That is usually the "cleaner" approach. <g>.  Yes I agree that it
creates its' own share of problems, mainly that one cannot easily do
ad-hoc browse/searches based on the key.  So secondary indexes become
critical to support any ad-hoc user searches.

ED>Trying to relate multiple old datasets, without the "unique keys"
is
  >next to impossible.

Using ANY method of generating keys, the above is next to impossible
<g>.

ED>I think everyone is agreed that using SSN's is the best solution -
but
  >what if the person doesn't have a SSN?

How about combining the two approaches.  Maybe a concatenated key
consisting of two fields.  The first field specifies whether the key a
derived from the SSN or is a computer-generated serial number.  Then
use a SSN if you have it in the second field, or generate a unique
serialized number if you don't?

regards,

    robert
===




 From:  MIKE NELSON               Sent: 06-16-92 16:08
   To:  ANGUS SCOTT-FLEMING       Rcvd: -NO-
   Re:  (R)HOW TO MAKE A UNIQUE

In a message to George Jereza <06-15-92 06:15> Angus Scott-Fleming
wrote:

AS>  GJ > illegal to ask for social security numbers?  ... or... is
that
AS>  just in
AS>  GJ > California?  Thanks in advance.
AS>

Au contraire on the driver's licenses... At least one state uses the
SSAN with an alpha character in front of it as the driver's license
number.

Credit grantors may ASK for the SSAN but you are under NO obligation to
provide it.

By the same token, if you are writing a database program that stores
SSANs, be prepared to change the field... The Soc. Sec. Admin. is
running out of numbers and they have declared that they will NOT reuse
the number of anyone who is deceased.  As far as I know, they have not
decided whether to add another digit or whether to insert alphas.



 From:  DAVID SOLLY               Sent: 06-15-92 22:51
   To:  PAUL WILFORD              Rcvd: -NO-
   Re:  HOW TO MAKE A UNIQUE ID

Paul...

  You might like to take a look at the Cutter-Sandbourn tables which
many
libraries use to convert author's names into a single initial plus a
number.
The system is flexible enough that you can add subtract numbers as you
need
them.

A typical C-S number looks something like this

Solly =   S6559
Wilford = W554673

I have a program which will encode a string up to 15 characters long
using the
Library of Congress variant of the Cutter-Sandbourn tables.  I could
pass it
on to you if you are interested.

If you just need a sequence of numbers which are unique but have
nothing to do
with the patient's name, dob or whatever, PW World published a program
which
creates a unique series of "filenames" derived from the date and time
setting
of the computer when run.

A typical example looks like

C6FA0800
C6FA0801
C6FA0802
C6FA0803 etc.

I have been using this system to solve a problem similar to yours.
Each
morning I print off a sheet of number and use them one-by-one until
done and
print off a second sheet if I need more.  I print a new sheet of
numbers every
morning even if I have not used up the numbers on yesterday's sheet.

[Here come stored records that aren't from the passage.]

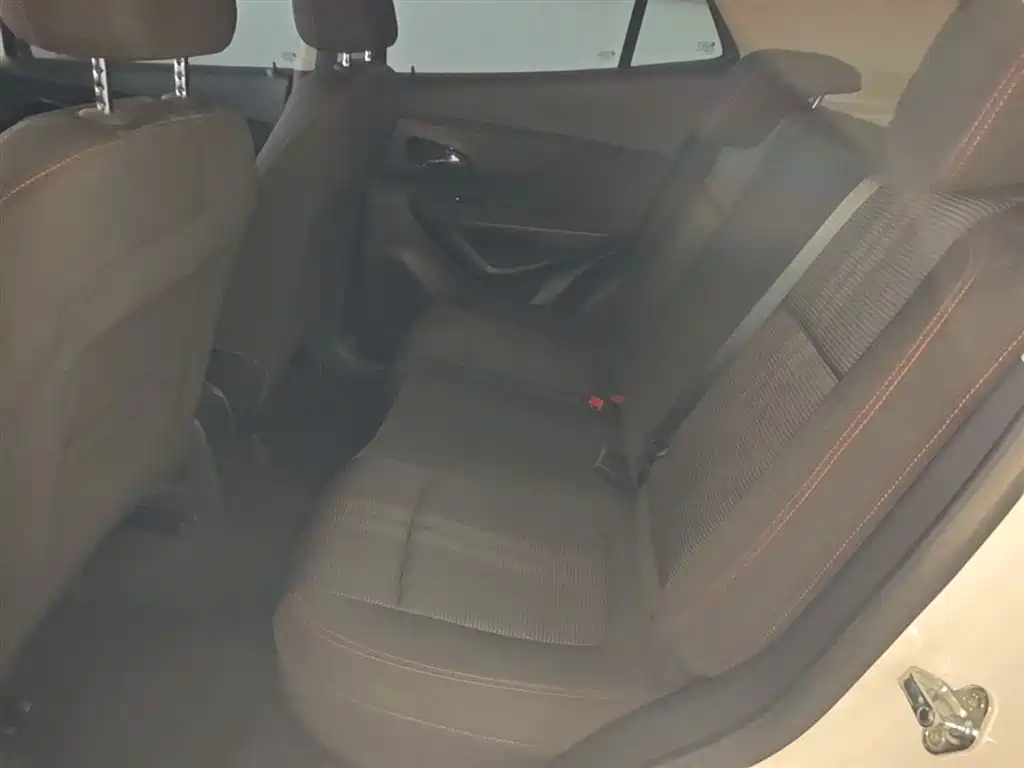 Buick Encore 2017 18T Automatic 2WD Urban Leading фото 17
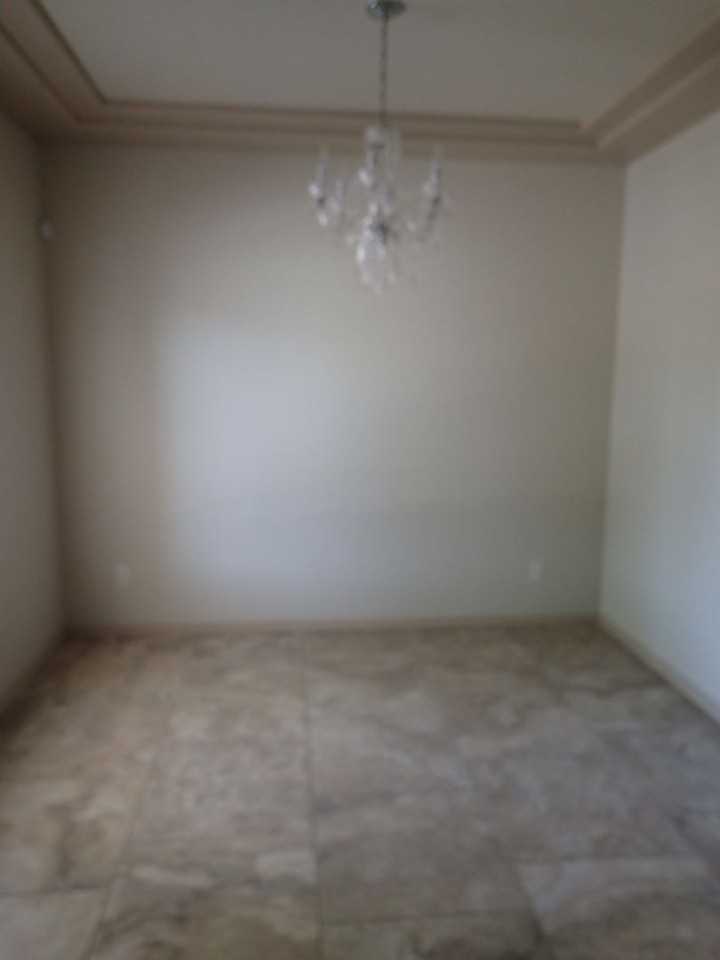 13836 Hollywood Dr - Photo 3 of 31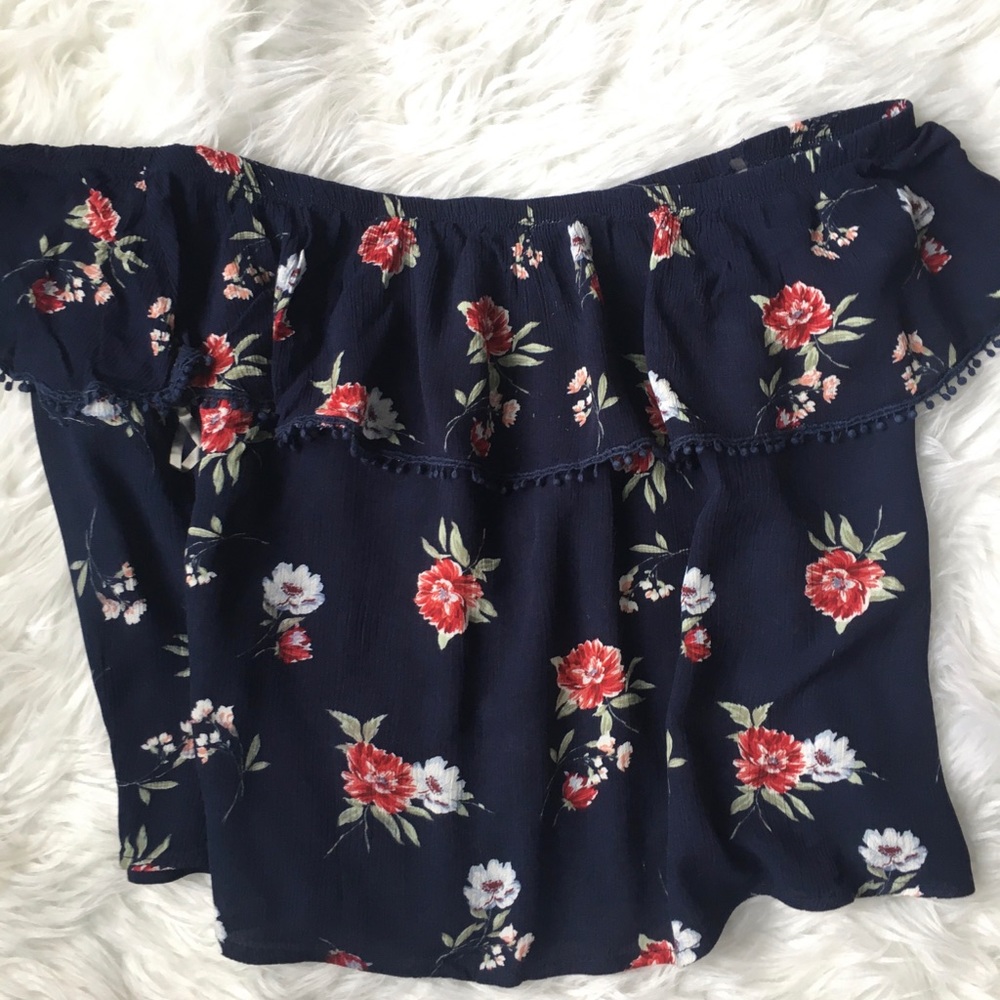 flowy off the shoulder cropped shirt
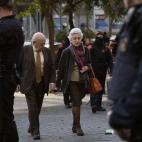 5c8ab5f12400000a05a38942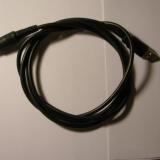 Cable USB con un conector DIN de seis pines. (Autor: Pepe Sánchez)
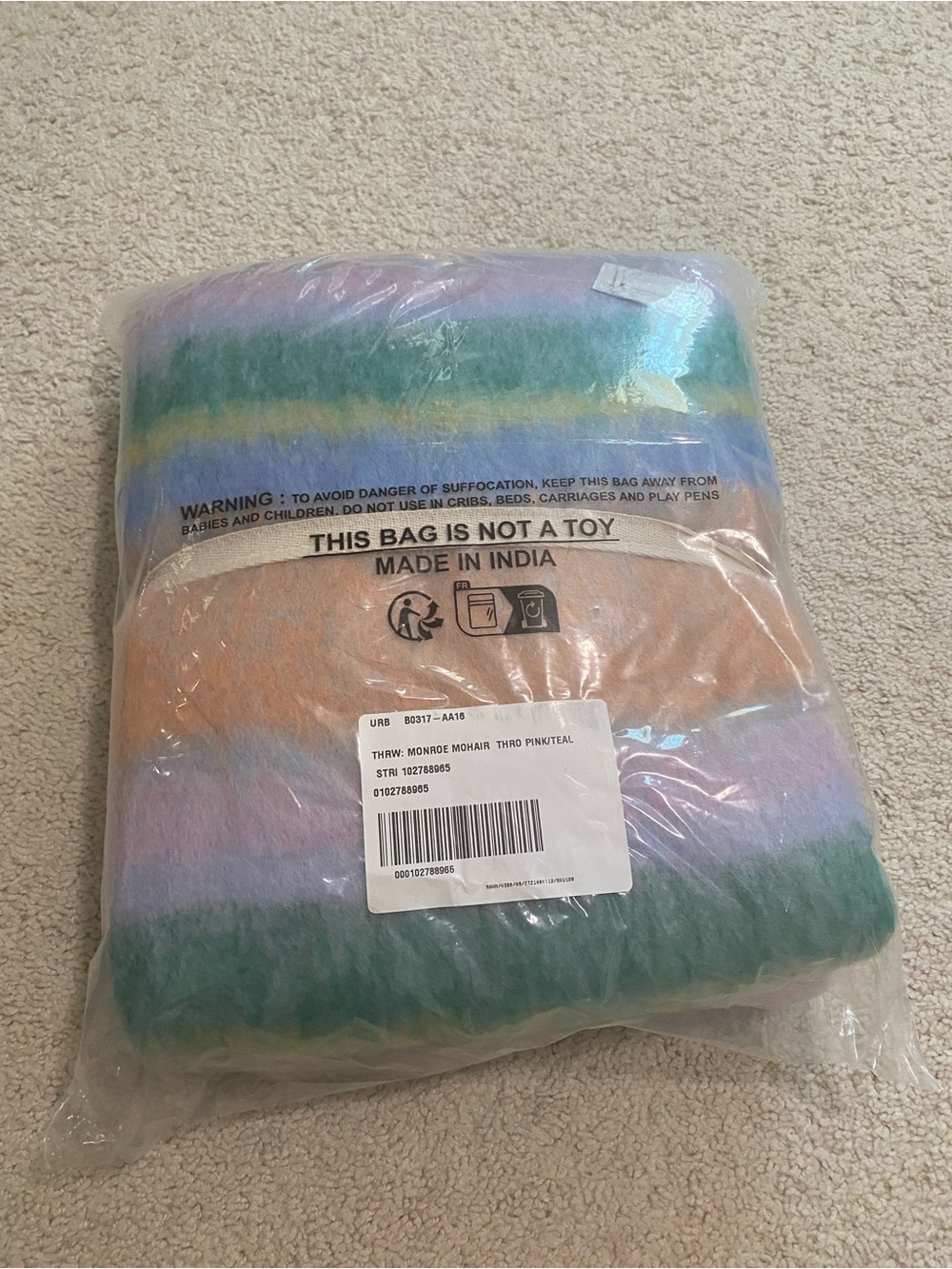 Monroe Faux Mohair Scarf Throw Blanket NWT - Picture 7 of 8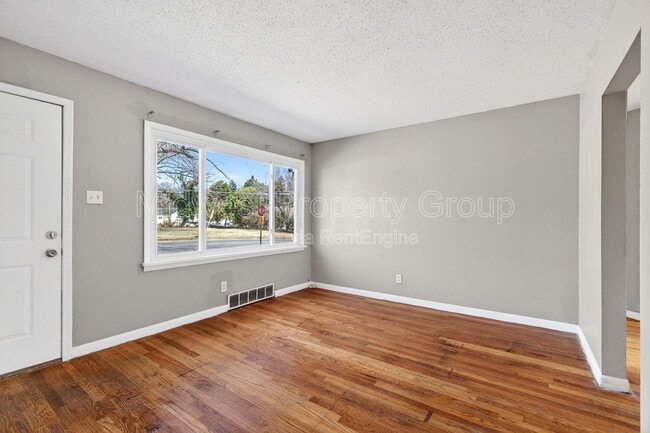 Photo - 8280 Frost Ave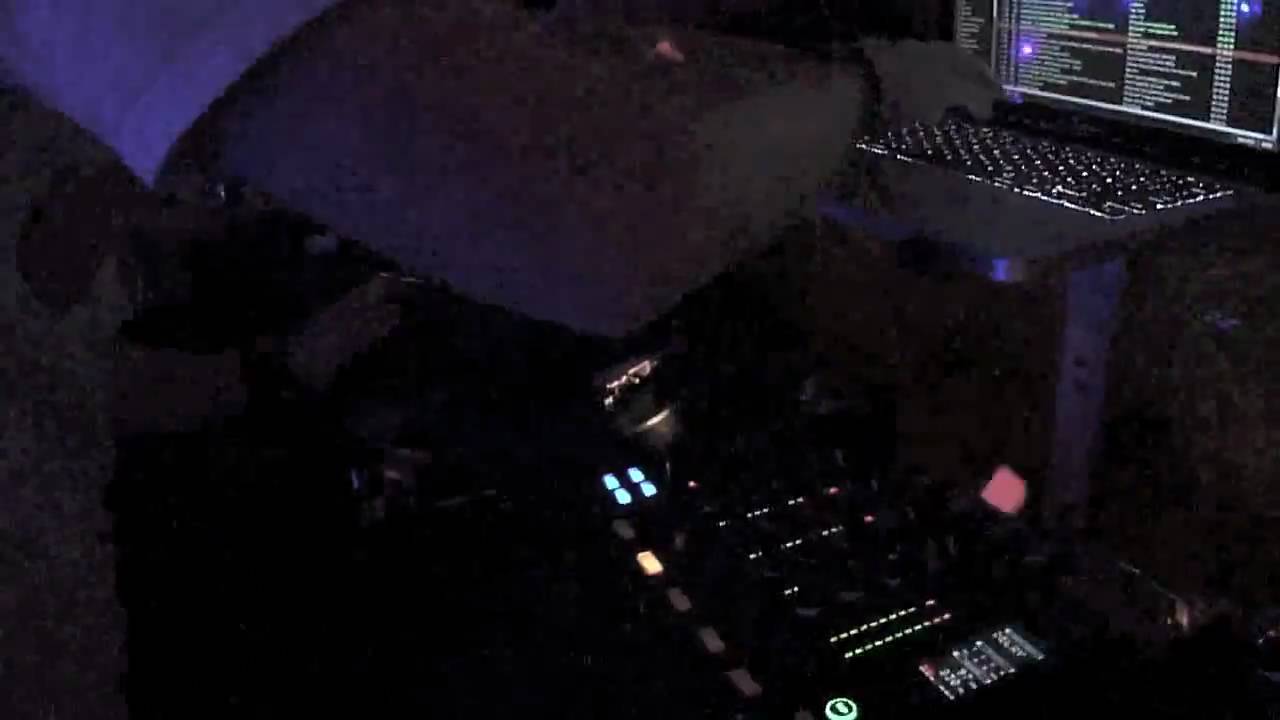 DJ DEVILLE ROCKIN' IT IN TAIPEI AT SPARK 101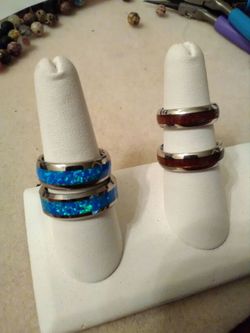 Men's and women's rings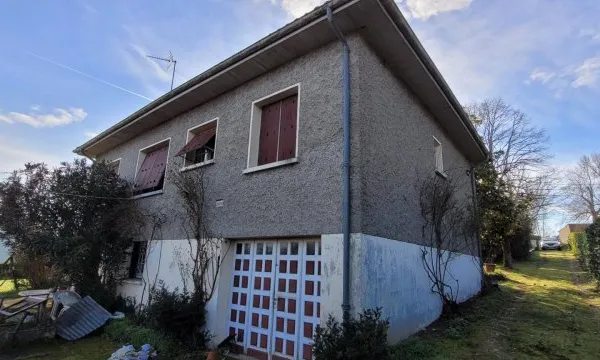 maison sur niveau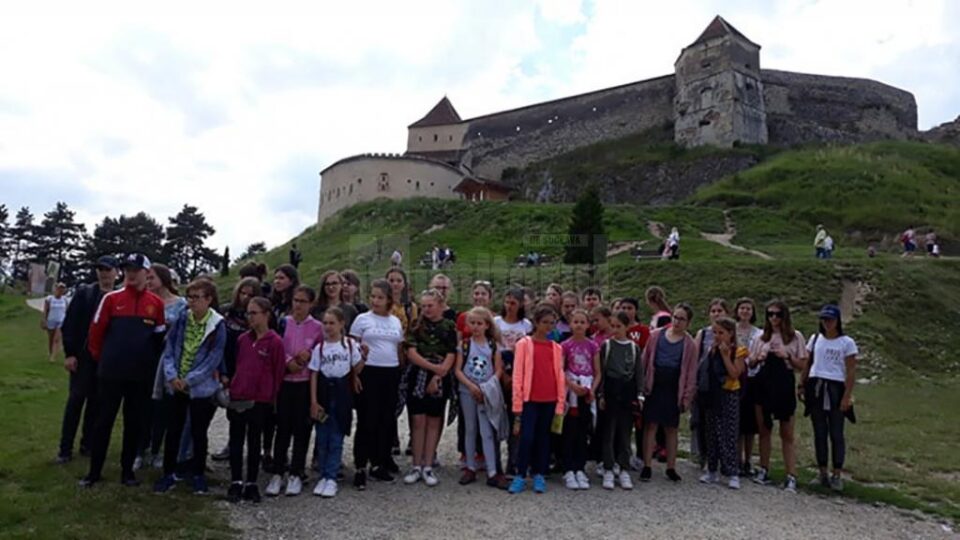 Excursie pentru elevi suceveni, câștigătorii concursurilor organizate de revista “Biserica din sufletul copilului”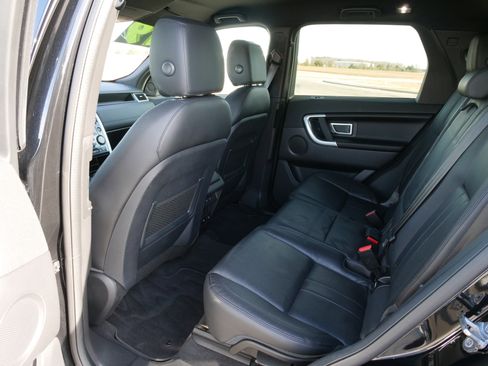 Used 2019 Land Rover Discovery Sport SE image 16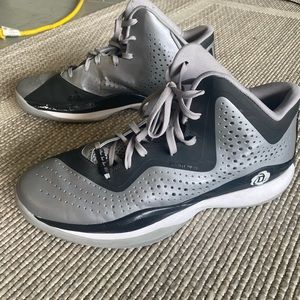 Derick Rose basketball shoes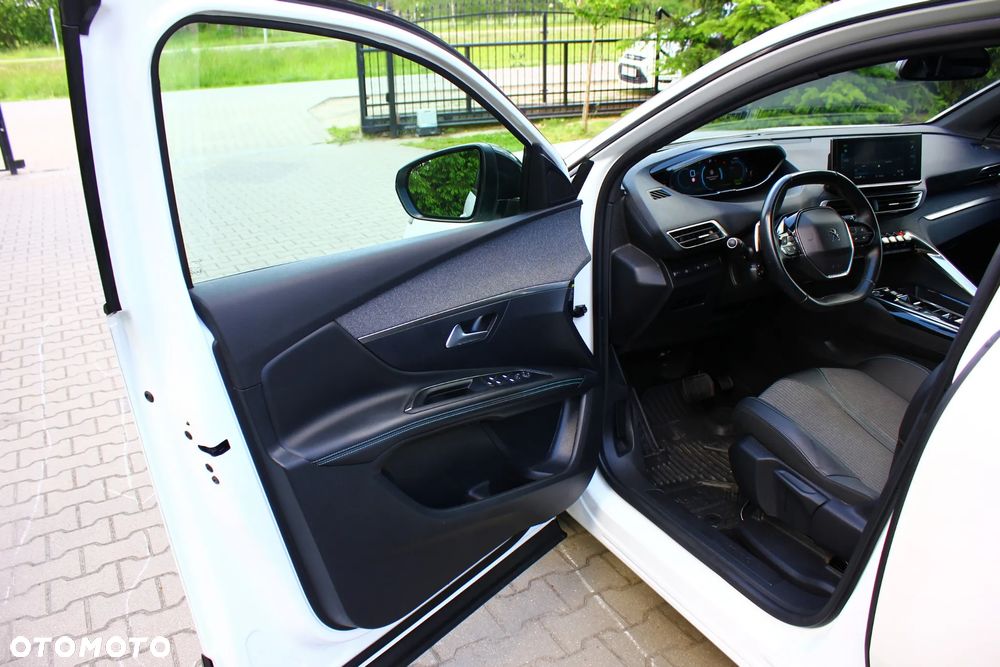 Peugeot 3008 225 e-EAT8 Allure - 25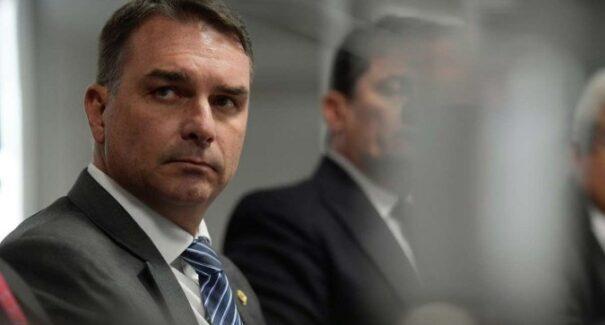 Flávio Bolsonaro acusa Moraes de fraude em julgamento e pede suspensão do processo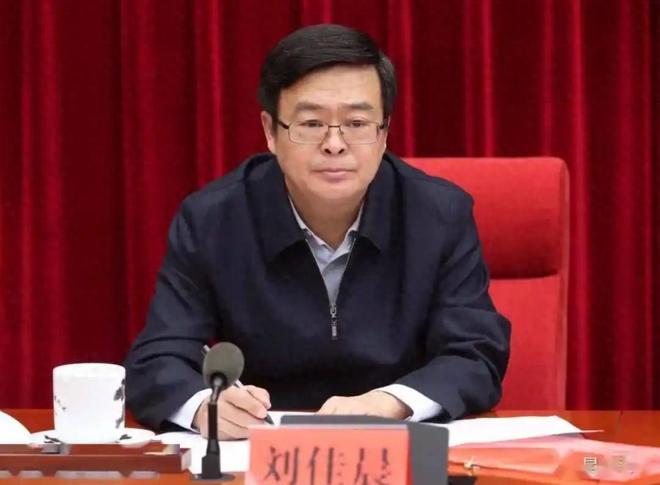 九游娱乐：昆明市原市长刘佳晨涉隐瞒境外存款罪等被公诉曾在外企任软件工程师因“全马破4”受关注(图1)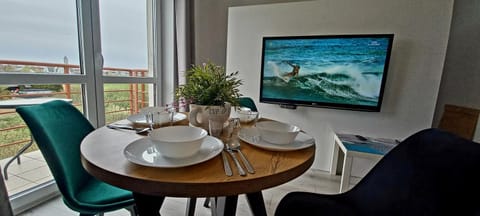 Communal lounge/ TV room, TV and multimedia, Coffee/tea facilities, Living room, Seating area, Dining area, Evening entertainment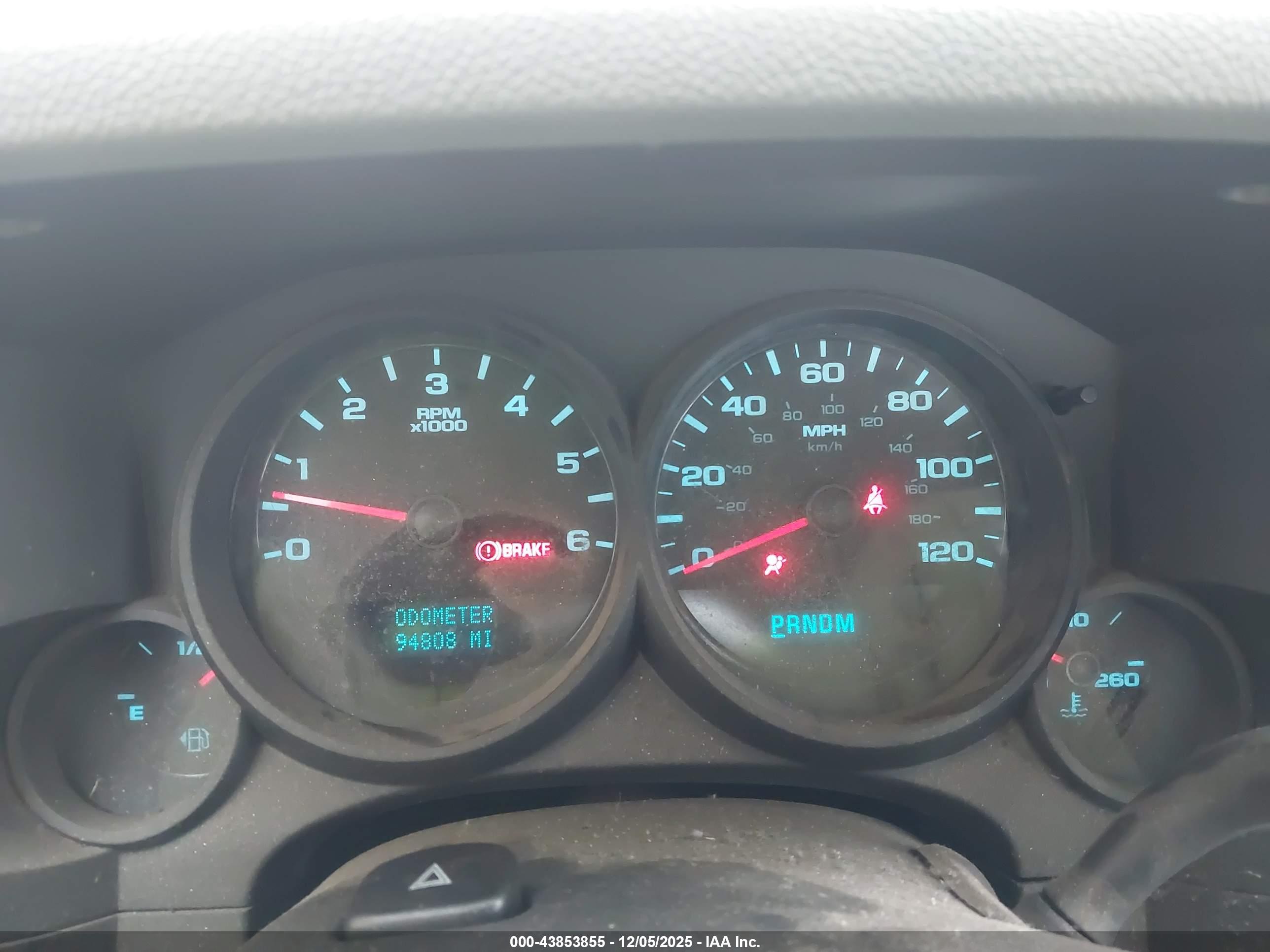 CHEVROLET SILVERADO image 7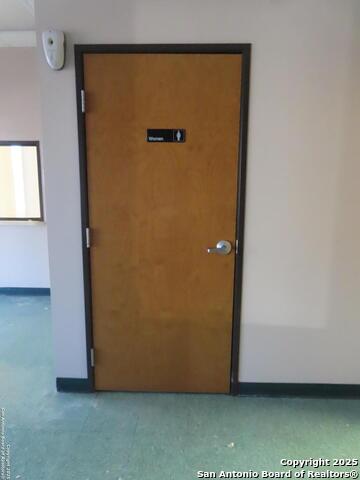 2614 W Commerce Property Photo 9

Again, I can send you the program if you are interested.

Hope this helps

David Solly


... OFFLINE 1.22 * Bibliotheca Sagittarii, Ottawa, Canada



 From:  BRIAN ASTILL              Sent: 06-11-92 23:50
   To:  PAUL WILFORD              Rcvd: -NO-
   Re:  HOW TO MAKE A UNIQUE ID F

In a message of <Jun 08> Paul Wilford wrote to All:

 PW> (My usual application is a hospital clinic where patients make a
 PW> number of visits and datasets like Patient Information are related
 PW> to datasets like Clinic Results).

First question.  Have you thought of using the Social Security Number?
If you _can_ use it, you could precede it with the first few letters of
the person's last name, for indexing purposes (easier for us humans to
find the file for WILF123-456-789 than look for 123-456-789), and to
allow a quick search for 'WILF'.

Boondoggle BiBi,
-=>Brian<=-




 From:  ARTHUR MARSH              Sent: 06-15-92 20:40
   To:  TOM HELD                  Rcvd: -NO-
   Re:  HOW TO MAKE A UNIQUE ID F


 TH> Precise calculations reveal that a duplication of this ID code
between
 TH> 2 random individuals will not occur within 6.125 jillion
recyclations,
 TH> which takes us exactly 2.3 revelations beyond the second coming of

 TH> Star Trek, the 5th Generation - so replication, duplication or
 TH> misidentification is not of much concern to us right now, in this
 TH> dimension.

Sorry, duplicate SSN's of living persons have been found. It was
reported some months back in Communications of the ACM.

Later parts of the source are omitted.